Art history — We talk about the era of colonialism as something that is over. But we forget to ask — over for whom? In a new book, Professor Mathias Danbolt dwells on some of the most iconic and familiar images from the colonial period, and he asks us stay with the discomfort.

When did you last give any thought to Denmark’s colonial history? Or spot any trace of it?

You are likely to come across colonial history without thinking about it in Denmark. In the supermarket. On coffee packages. In images that you may know so well that you stop actually seeing them.

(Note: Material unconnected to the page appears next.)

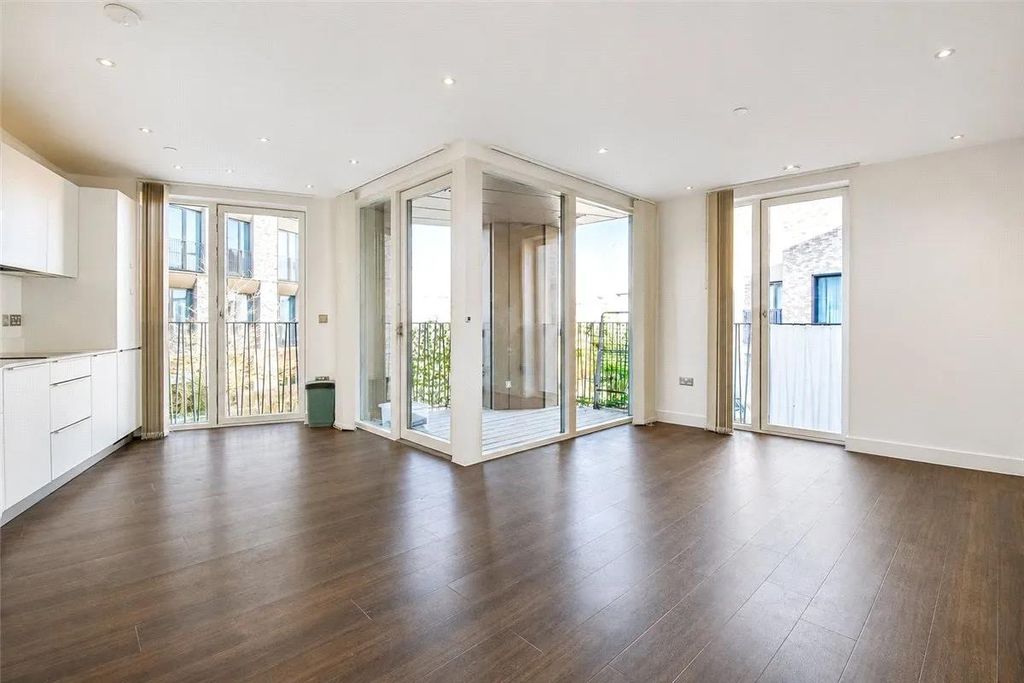 Property photo 2 of 6 457B55A56Bbaafe0Bc08A5F65Fe741Ea167E0A1E.Png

But what if the very idea of the colonial era as something finished is itself the result of images, aesthetics, and conscious choices? And what happens if we begin to question the images that have taught us to associate colonial history with cosiness, quality, and something familiar?

Authors at work

Books are written throughout the University of Copenhagen — both in connection with research projects, during lunch breaks, and late into the evening. Staff, researchers and students publish fiction and non-fiction books, some of them academic, some of them not.

In this series, the University Post asks the authors not only what it is they are writing, but why.

What set off the writing process, and what do the authors want to achieve with their books?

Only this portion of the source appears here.